- TASK ITEM
The copy must run from the first line of the entries below through the line containing "White Opal Beaded", restated word for word, with pictures left out.
*** DATASET ENTRIES ***
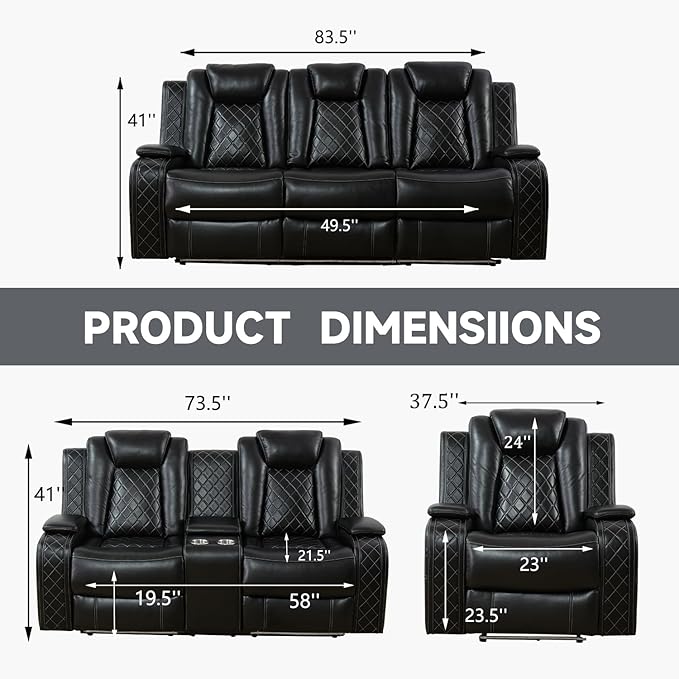 Power Recliner Loveseat, Air Leather Reclining Couch with LED/Cup Holders/Storage, 2-Seater Reclining Sofa, Black Leather Couch for House/Apartment/Office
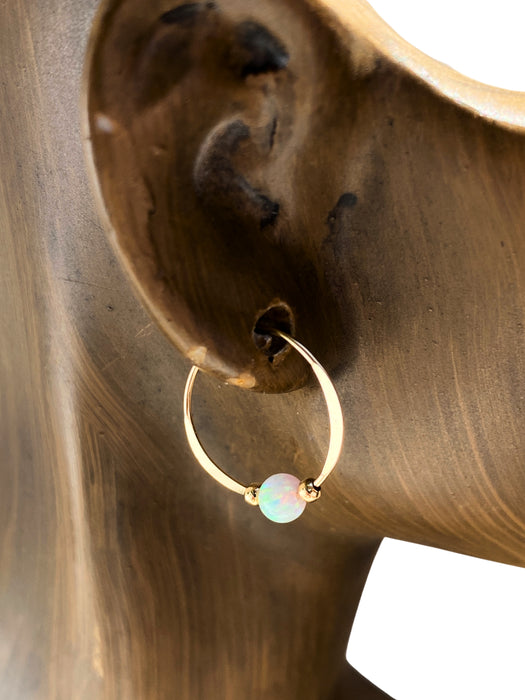 White Opal Beaded Hoops | Sterling Silver Gold Filled Earrings | Light Years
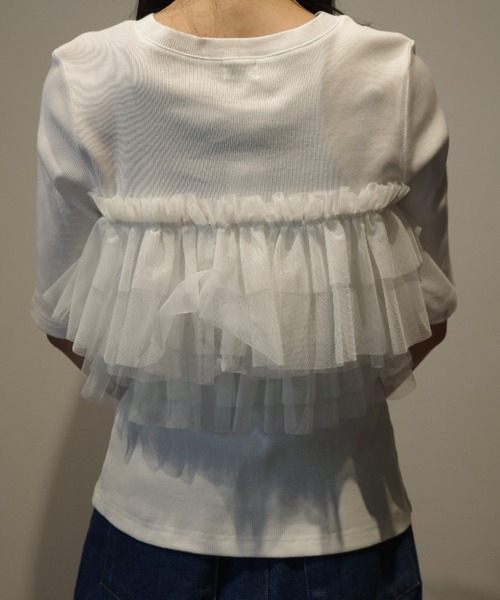 MANOF（マノフ）の「MANOF TULLE FRILL CUT TOPS（Tシャツ/カットソー・レディース・ブラック/ホワイト・FREE）」の3枚目の写真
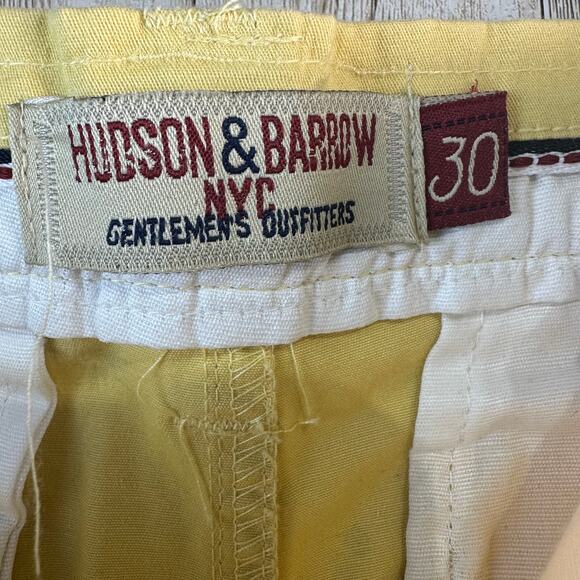 Hudson & Barrow NWT Chino Shorts Mens sz 30 Yellow W/ Pineapple print Stretch - Picture 5 of 6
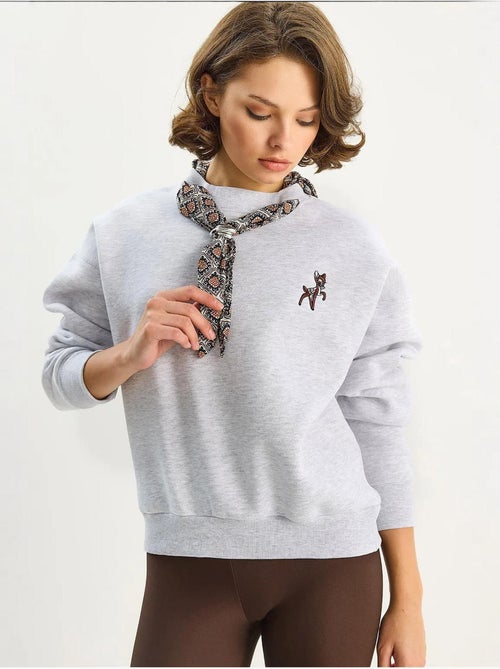 Sweat-shirt ras du cou brodé lucci - Kiabi Sweat-shirt ras du cou brodé lucci - Kiabi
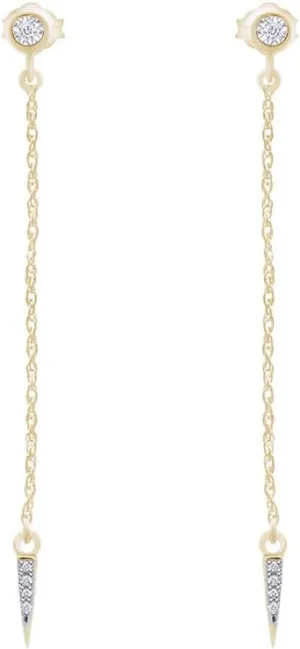 Minimalist Dainty Delicate 14K Gold Plated 925 Sterling Silver Natural Diamond Accent Chain Drop Dangle Chain Earring For Women (0.02 Cttw, I-J Color, I2-I3 Clarity)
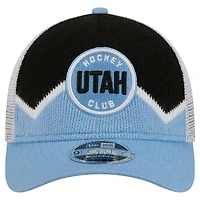 Casquette de camionneur ajustable 9FORTY A-Frame M-Crown bleu clair/noir New Era pour homme Utah Mammoth Hockey Sock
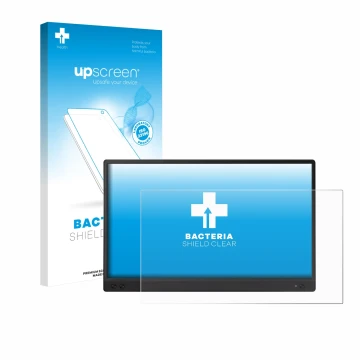 Face avant d’un emballage produit avec le logo de la marque upscreen. À côté, l’appareil ASUS ZenScreen MB166C est représenté 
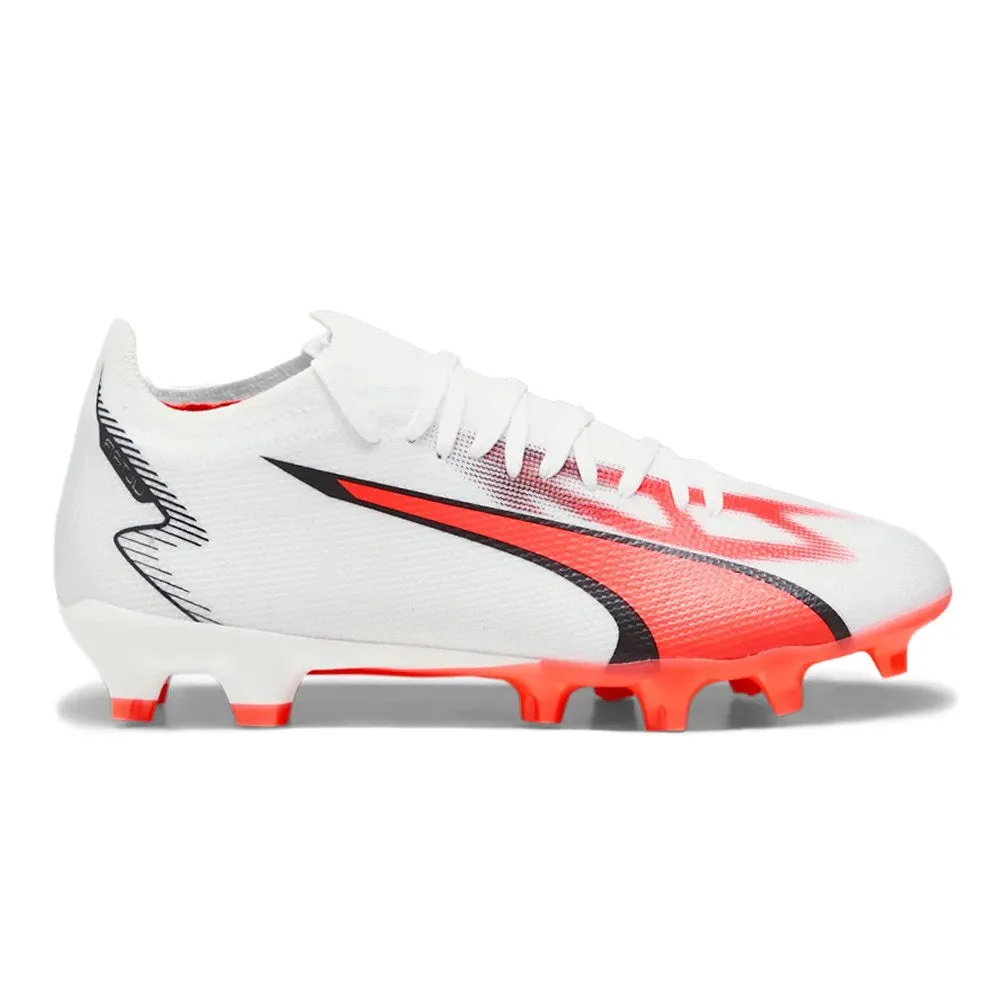 Puma Women's Ultra Match FG/AG Football Boots - White/Black/Fire Orchid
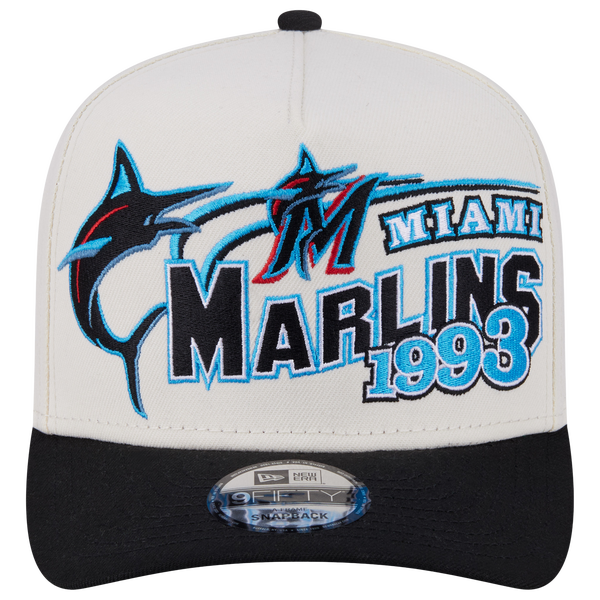 New Era Marlins 9FIFTY A-Frame Classic Cap - Adult - White/Black - Image 2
***
- EXERCISE OUTPUT
 Power Recliner Loveseat, Air Leather Reclining Couch with LED/Cup Holders/Storage, 2-Seater Reclining Sofa, Black Leather Couch for House/Apartment/Office
 White Opal Beaded Hoops | Sterling Silver Gold Filled Earrings | Light Years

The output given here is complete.